LOUIS COUPERIN: Pieces de Clavecin – Richard Egarr – HM (4)

by | Sep 13, 2011 | Classical CD Reviews

LOUIS COUPERIN: Pieces de Clavecin (The Complete Harpsichord Works) – Richard Egarr, harpsichord – Harmonia mundi HMU 907511.14 (4 CDs), 5 hrs. 14 min. total *****:
Richard Egarr has released 20 recordings for Harmonia mundi, including his acclaimed performances of the Bach Brandenburg Concertos, as well as Book 1 and Book 2 of The Well-Tempered Klavier. This time he brings us a much less-well-known collection of earlier music for keyboard—and not just a sampling but the composer’s entire harpsichord works.

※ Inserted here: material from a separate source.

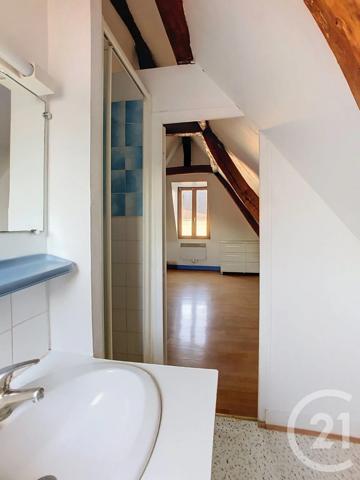 Appartement F1 à vendre  1 pièce - 14,27 m 2   LA RICHE  - 37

Louis Couperin was the first historically important member of the large Couperin family, who unfortunately never had any of his music published during his short lifetime (he died in 1661 at age 35). He was important in the development of both the French Baroque organ and harpsichord schools.  He developed a special notation in his invention of the unmeasured prelude for harpsichord. They were written with whole notes only, arranged in groups and connected by graceful curves. About two-thirds of his harpsichord pieces follow dance movements such as courantes, sarabandes and gigues. He studied with the primary harpsichord composer of the time, Chambonnieres, but Couperin’s pieces are more complex. Froberger was also an influence on this works.
Some of these works were published in 1936, but others were discovered only recently. The four CDs contain 21 suites—with many in C Major, G Minor and A Minor. The final exhaustively ornamented suite is in B-flat Major. However, the organization into suites was done by Egarr, since the arrangement of the various pieces is left up to the performer. Louis Couperin’s favored devices are imitation, polyphony, striking harmonies and rhythms, and resonant suspension. Appreciation of this music requires very close listening to get thru the thicket of ornamental grace notes to the basic melodic and harmonic structures. The first disc of suites seems a bit simplistic, but things pick up as the series goes on, and the fourth CD is most impressive. Before and after the last two suites two stand-alone pieces of great beauty are heard: The 7 1/2-minute Pavanne in F-sharp minor and the closing Les Carillons de Paris.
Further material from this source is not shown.